GID: It’s great seeing the next generation saying things are wrong and actually doing something about it. They’re not only making their voices heard, they’re trying to work towards making a change.
BJ: It’s very impressive. Obviously, when I was younger things weren’t quite the same and that’s a good thing. Now, kids can come out being more aware. We need more young people in power because the old people don’t know what the hell they’re doing at all.
GID: Getting back to the album, you guys went in the studio again with Rich Costey, who you worked with on 2016’s Ellipsis. What made you want to work with him for this album?
BJ: We like doing things in threes; we’ve always done three records in a row with a producer, but that wasn’t the reason obviously. If Ellipsis hadn’t been good, we wouldn’t want to revisit it. When we worked with him on that album, we didn’t feel like we could’ve made a better album than Ellipsis, but when you first work with a producer it’s never quite smooth sailing. You butt heads a lot, it can be frustrating, you’re not really showing your true colors all the time. On the second record, things will be a little bit smoother and you actually show people who you are. On this album, we understood each other off the bat a lot better. When we made suggestions, Rich wasn’t pushing back as hard as he was on Ellipsis. He just makes great records. He’s done loads of our favorite bands. We like the way he works even though he drives us up the bloody wall and can be so frustrating like a little kid who can’t sit still. He can’t stick to one idea without losing focus, which is really tough. So, we’re gluttons for punishment, I guess, but we love the results he gets in the end. He works super hard on every song and invests so much into it. He keeps changing things at the very last minute, it can be incredibly frustrating, but the end results are fantastic.

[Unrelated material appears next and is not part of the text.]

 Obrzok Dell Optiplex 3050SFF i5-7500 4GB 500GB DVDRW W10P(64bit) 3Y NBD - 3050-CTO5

GID: Interesting that you say you guys like to do things in threes because last year you did the Balance, Not Symmetry soundtrack, which was kind of unexpected for Biffy. How did your experience working on the soundtrack inspire what you did on the new album?
BJ: I think it did quite a lot. We made the Balance album without any kind of interference from the record company. It wasn’t funded by them; it was funded by the movie, so they didn’t have much involvement at all. It was just the three of us. We made the record off the leash just going crazy. Any idea was a good idea and every song on that album almost sounds like a different band. I think we just found a lot of freedom in making that record and it definitely affected [us] going forward because we were more willing to trust ourselves to try out crazy things on A Celebration of Endings. I think it was important for the band. We’re more sure of ourselves now. It helped us see the vision for A Celebration of Endings.